TEMPO.CO, Jakarta -Menteri Keuangan Bambang Brodjonegoro menerima petisi dari Koalisi Rakyat Bersatu Melawan Kebohongan Industri Rokok di Jakarta, Kamis, 4 Februari 2016. Dalam petisi yang sudah ditandatangani oleh 19.691 orang itu, netizen mendesak agar Menteri Bambang mencabut penghargaan atas penerimaan cukai kepada empat perusahaan rokok pada 26 Januari lalu.
Jalal, peneliti dari Koalisi Rakyat Bersatu dan Lingkar Studi Corporate Social Responsibility menuturkan perusahaan rokok tak selayaknya mendapatkan penghargaan atas penerimaan cukai itu. ”Sebab, penghitungan cukai itu masih amat jauh dari beban kerugian yang ditimbulkan akibat racun rokok,” katanya sebelum menyerahkan hasil yang dibuat di laman Change.org.
BACA: Penanda Tangan Petisi Cukai: Merokok Haram Hukumnya
Menurut Jalal, rokok dibebani pajak rokok lantaran harus membayar dampak negatif yang ditimbulkan karenanya (pollutar pays). Untuk Indonesia, pemerintah menggunakan UU Cukai No. 39/2007 untuk menetapkan cukai kepada rokok.
Di negara-negara maju seperti Kanada, kata Jalal, cukai diberikan amat tinggi. Targetnya, untuk mengurangi konsumsi dan produksi. ”Dengan harga tinggi untuk sebatang rokok, orang akan berpikir dua kali untuk mengkonsumsinya,” tuturnya. Selain itu, cukai tinggi bisa dipakai untuk mengkompensasi seluruh dampak negatif yang timbul sepanjang proses produksi dan daur hidup produk.
Sayang, kata Jalal, besaran cukai di Indonesia masih jauh dari ideal. “Cukai juga masih sangat jauh dari mengkompensasi dampak negatif dari proses produksi dan produknya.”
Ia memberikan contoh dampak negatif dari proses produksi rokok berasal dari budidaya dan pengeringan tembakau, ketenagakerjaan di pertanian tembakau, tata niaga tembakau, dan ketenagakerjaan di pabrik rokok. ”Misalnya di Temanggung, deforestasi untuk penanaman tembakau menyebabkan 30 hektare hutan bablas.”

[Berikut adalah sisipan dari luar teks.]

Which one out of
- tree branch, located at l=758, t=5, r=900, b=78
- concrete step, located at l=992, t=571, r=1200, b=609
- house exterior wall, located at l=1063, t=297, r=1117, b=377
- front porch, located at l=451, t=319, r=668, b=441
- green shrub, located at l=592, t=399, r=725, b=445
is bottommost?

Menurut Jalal, seharusnya cukai dihitung secara komprehensif demi mengetahui berapa angka yang adil untuk seluruh produksi/konsumsi rokok di Indonesia. ”Di kita, nilai cukai rokok belum dihitung benar,” ujar Jalal.
Dalam pandangan Jalal, baru Kementerian Kesehatan yang menghitung dampak kesehatan konsumsi rokok di Indonesia. Pada 2013, ketika cukai rokok besarannya Rp103 triliun, dampak negatif kesehatannya itu sekurang-kurangnya Rp378,75 triliun. ”Itu pun belum menghitung semua. Artinya, besaran cukai rokok itu jauh sekali di bawah nilai idealnya,” katanya.
BACA: Menteri Keuangan Terima Petisi Pencabutan Penghargaan Industri Rokok
Karenanya, menurut Jalal, perusahaan rokok tak layak mendapatkan penghargaan. ”Cukai Indonesia itu kebangetan kecilnya. Yang membayar cukai konsumen, pemerintah bayar untuk biaya kesehatan, uangnya dari rakyat juga melalui pajak yang kita bayarkan.”